[The data Boundary: Start]

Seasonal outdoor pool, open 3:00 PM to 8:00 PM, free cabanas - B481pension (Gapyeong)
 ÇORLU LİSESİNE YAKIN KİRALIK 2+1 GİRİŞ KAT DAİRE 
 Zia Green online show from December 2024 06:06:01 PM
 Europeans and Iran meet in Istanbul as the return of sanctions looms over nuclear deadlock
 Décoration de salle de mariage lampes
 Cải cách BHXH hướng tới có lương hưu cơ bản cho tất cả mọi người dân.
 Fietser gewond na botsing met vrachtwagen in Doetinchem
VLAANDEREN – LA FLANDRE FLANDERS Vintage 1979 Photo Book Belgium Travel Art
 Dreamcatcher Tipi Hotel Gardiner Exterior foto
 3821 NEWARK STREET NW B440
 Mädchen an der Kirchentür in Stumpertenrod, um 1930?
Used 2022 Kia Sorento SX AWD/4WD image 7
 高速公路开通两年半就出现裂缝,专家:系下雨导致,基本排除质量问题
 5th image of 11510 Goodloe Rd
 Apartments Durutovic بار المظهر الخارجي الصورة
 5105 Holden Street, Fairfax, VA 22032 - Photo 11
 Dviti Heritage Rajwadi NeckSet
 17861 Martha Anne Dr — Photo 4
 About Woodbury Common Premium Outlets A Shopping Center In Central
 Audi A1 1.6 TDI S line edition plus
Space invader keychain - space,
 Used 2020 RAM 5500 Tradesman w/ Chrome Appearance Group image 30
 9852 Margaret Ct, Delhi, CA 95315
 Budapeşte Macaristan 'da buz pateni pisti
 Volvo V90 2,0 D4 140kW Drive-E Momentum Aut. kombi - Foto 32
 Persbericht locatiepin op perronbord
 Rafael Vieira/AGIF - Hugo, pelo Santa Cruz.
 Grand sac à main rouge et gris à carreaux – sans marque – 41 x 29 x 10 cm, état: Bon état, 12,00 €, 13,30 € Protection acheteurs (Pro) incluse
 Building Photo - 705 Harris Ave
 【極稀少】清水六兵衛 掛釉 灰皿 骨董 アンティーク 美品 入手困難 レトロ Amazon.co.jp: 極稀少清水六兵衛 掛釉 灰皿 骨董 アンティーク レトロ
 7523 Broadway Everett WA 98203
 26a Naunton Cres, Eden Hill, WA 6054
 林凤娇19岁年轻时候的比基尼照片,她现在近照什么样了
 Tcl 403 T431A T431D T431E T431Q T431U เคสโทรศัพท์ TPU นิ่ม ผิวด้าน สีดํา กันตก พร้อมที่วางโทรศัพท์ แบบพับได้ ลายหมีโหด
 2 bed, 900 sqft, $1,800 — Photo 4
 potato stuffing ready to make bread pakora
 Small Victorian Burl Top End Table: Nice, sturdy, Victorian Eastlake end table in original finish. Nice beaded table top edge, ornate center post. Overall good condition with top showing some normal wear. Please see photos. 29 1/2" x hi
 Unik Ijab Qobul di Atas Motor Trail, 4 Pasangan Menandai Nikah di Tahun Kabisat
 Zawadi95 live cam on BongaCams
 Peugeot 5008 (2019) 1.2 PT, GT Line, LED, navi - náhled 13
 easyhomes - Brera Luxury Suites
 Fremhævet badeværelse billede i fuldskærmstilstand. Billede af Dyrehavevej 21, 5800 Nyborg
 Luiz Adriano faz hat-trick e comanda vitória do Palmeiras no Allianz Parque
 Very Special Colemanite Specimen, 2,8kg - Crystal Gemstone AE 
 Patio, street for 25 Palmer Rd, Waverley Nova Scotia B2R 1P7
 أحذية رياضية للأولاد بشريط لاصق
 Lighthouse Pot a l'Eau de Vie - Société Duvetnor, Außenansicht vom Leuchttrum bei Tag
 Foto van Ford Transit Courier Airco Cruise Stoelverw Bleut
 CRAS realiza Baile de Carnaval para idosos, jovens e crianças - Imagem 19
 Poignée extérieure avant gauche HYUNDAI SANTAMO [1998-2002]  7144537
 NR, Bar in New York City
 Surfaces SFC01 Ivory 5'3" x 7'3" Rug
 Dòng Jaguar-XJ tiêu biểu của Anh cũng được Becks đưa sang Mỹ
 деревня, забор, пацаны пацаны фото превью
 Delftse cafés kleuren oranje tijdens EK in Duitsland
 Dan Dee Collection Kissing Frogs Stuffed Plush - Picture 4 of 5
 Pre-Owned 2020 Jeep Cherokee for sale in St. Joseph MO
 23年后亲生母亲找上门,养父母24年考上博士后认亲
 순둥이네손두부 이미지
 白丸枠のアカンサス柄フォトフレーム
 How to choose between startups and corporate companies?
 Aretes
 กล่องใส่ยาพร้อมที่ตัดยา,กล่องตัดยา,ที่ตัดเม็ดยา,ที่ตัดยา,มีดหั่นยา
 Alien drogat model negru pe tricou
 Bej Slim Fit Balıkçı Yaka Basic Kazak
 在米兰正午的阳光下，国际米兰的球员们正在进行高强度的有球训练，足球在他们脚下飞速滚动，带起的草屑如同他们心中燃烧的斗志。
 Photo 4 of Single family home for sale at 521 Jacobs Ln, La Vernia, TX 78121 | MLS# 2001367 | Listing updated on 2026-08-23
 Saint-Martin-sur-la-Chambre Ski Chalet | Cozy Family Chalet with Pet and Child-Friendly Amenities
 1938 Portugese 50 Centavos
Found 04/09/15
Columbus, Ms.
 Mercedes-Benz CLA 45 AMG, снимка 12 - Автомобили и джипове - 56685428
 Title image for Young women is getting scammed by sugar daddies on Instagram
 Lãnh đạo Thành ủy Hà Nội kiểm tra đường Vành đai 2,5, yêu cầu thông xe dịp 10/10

[The data Boundary: End]

*Exercise:* Here the job is to transcribe the lines from the first line of the data through the line containing "17861 Martha Anne Dr — Photo 4", inclusive, exactly and with nothing else.

*Answer to this exercise:*
Seasonal outdoor pool, open 3:00 PM to 8:00 PM, free cabanas - B481pension (Gapyeong)
 ÇORLU LİSESİNE YAKIN KİRALIK 2+1 GİRİŞ KAT DAİRE 
 Zia Green online show from December 2024 06:06:01 PM
 Europeans and Iran meet in Istanbul as the return of sanctions looms over nuclear deadlock
 Décoration de salle de mariage lampes
 Cải cách BHXH hướng tới có lương hưu cơ bản cho tất cả mọi người dân.
 Fietser gewond na botsing met vrachtwagen in Doetinchem
VLAANDEREN – LA FLANDRE FLANDERS Vintage 1979 Photo Book Belgium Travel Art
 Dreamcatcher Tipi Hotel Gardiner Exterior foto
 3821 NEWARK STREET NW B440
 Mädchen an der Kirchentür in Stumpertenrod, um 1930?
Used 2022 Kia Sorento SX AWD/4WD image 7
 高速公路开通两年半就出现裂缝,专家:系下雨导致,基本排除质量问题
 5th image of 11510 Goodloe Rd
 Apartments Durutovic بار المظهر الخارجي الصورة
 5105 Holden Street, Fairfax, VA 22032 - Photo 11
 Dviti Heritage Rajwadi NeckSet
 17861 Martha Anne Dr — Photo 4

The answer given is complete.